Administration and expenditure of the Chancellor's departments, 2008-09 - Treasury Contents


Examination of Witnesses (Questions 380 - 387)

WEDNESDAY 11 NOVEMBER 2009

SIR NICHOLAS MACPHERSON AND MS LOUISE TULETT

  Q380  Ms Keeble: If you look at the numbers they have remained static. You cannot give an answer for the progress on the most recent measures around housing benefit which were supposed to lift children out of poverty; you cannot comment on the measures that have been taken that would tend to increase child poverty, for example rent allowances; you do not know about the child care vouchers; and you have not told us about any ways in which you are to tackle material deprivation. If you look at the number of children in combined low income and material deprivation it is 2.2 million and that number has remained static since 2004-05. Why are you not dealing with those means of measurement and delivering?

  Sir Nicholas Macpherson: I regret that I have not been able to answer your questions in as detailed a way as you would like.

  Q381  Ms Keeble: They are not very detailed.

  Sir Nicholas Macpherson: There are still a good number of people in the Treasury working on this agenda. Inevitably, from a personal perspective I have had less time to devote to the details of this agenda as in previous years because I have had to spend much of the year dealing with the banks and the implications of the recession in terms of monetary and fiscal policy. It does not mean that it is not important; it is.

  Q382  Ms Keeble: The recession would tend to make it worse.

  Sir Nicholas Macpherson: All I can tell you is that in terms of my personal time I must prioritise; otherwise, I would never get any sleep at all.

  Q383  John McFall: You will be aware that the Sub-Committee has focused on child poverty for a number of years and tried to move it up the agenda. I asked you a question about the shortfall. In the intervening half-hour did you get any whispers from behind?

  Sir Nicholas Macpherson: No.

  Q384  John McFall: Is your department mute?

  Sir Nicholas Macpherson: It is mute as of this minute. All I know is that in the past two years we have made no progress in terms of the child poverty numbers. As I believe I replied to Jim Cousins earlier, we have taken a lot of measures designed to reduce child poverty. All of those will come through in the data for 2008-09 and so on which are yet to be published, but I am slightly suspicious, in part because of experience over the past few years, that they may not fully feed through to the statistics. I can remember saying in previous years that measures would have such an effect and yet after quite a good period in the early part of the decade we find it far more difficult to make progress.
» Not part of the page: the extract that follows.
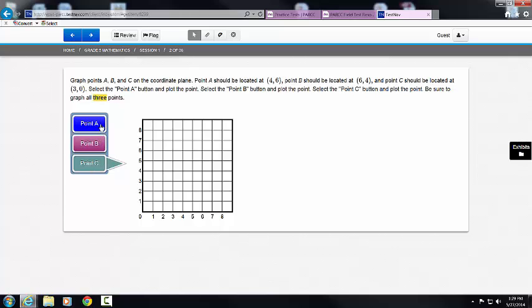So let's start at point A, and it tells me that point A is located at (coordinates), so I'm going to go to (coordinates) and plot my point.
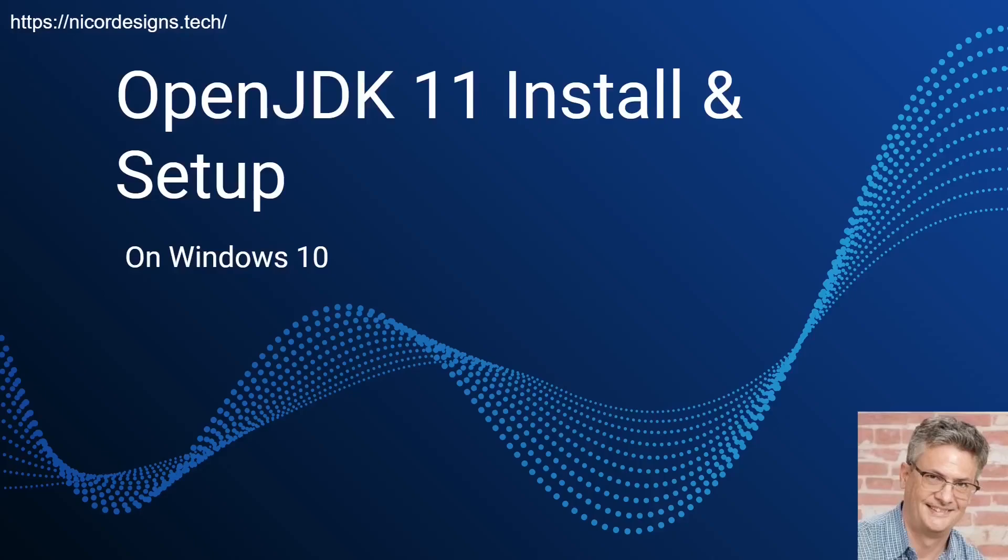We will now start off with downloading, installing and configuring OpenJDK 11 for Windows 10.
  Q385  John McFall: What I gather from page 79 is that you have taken about 2.7 million children out of poverty, whether that is absolute low income households, relative low income households or relative low income households and material deprivation. Taking the first two categories in particular, you have taken out 2.7 million but given it is a flagship policy to halve the number of children in poverty by 2010-11 it is important that we get a precise measure of the shortfall. We went through this before when Mr Mudie was on the Committee; we chipped away at this issue and obtained different figures. I understand the stress that the Treasury has experienced over the past year, but if it can provide us with a memo it will give us a handle on it.

  Sir Nicholas Macpherson: I am very happy to do that. I do not want you to go away from this meeting thinking that we have either given up on child poverty or do not take it seriously.[7]

  Q386  John McFall: In the past two years it has been difficult for what reason? Is it due to increased unemployment among parents and different things?

  Sir Nicholas Macpherson: I think so. Some of this is due to the effect of globalisation. There are huge forces at work in our society that tend to stretch the income distribution. Relative measures of poverty are based on median incomes. If you look at what has happened, despite the minimum wage and other interventions at the lower end of the income distribution wages do not appear to have been rising, certainly not in real terms. You can put more government money into it, but if the labour market is moving against you you just do not make progress. I believe that is the fundamental challenge in our economy.

  Q387  Chairman: We shall leave it there. You have promised us a great deal of information. We must have it in good time before the minister appears so we need it by 30 November, if that is possible. Can you also include in it an update on the line of sight programme about which we have not heard for a while?

  Sir Nicholas Macpherson: Certainly.

  Chairman: In the mean time, thank you very much for your attendance.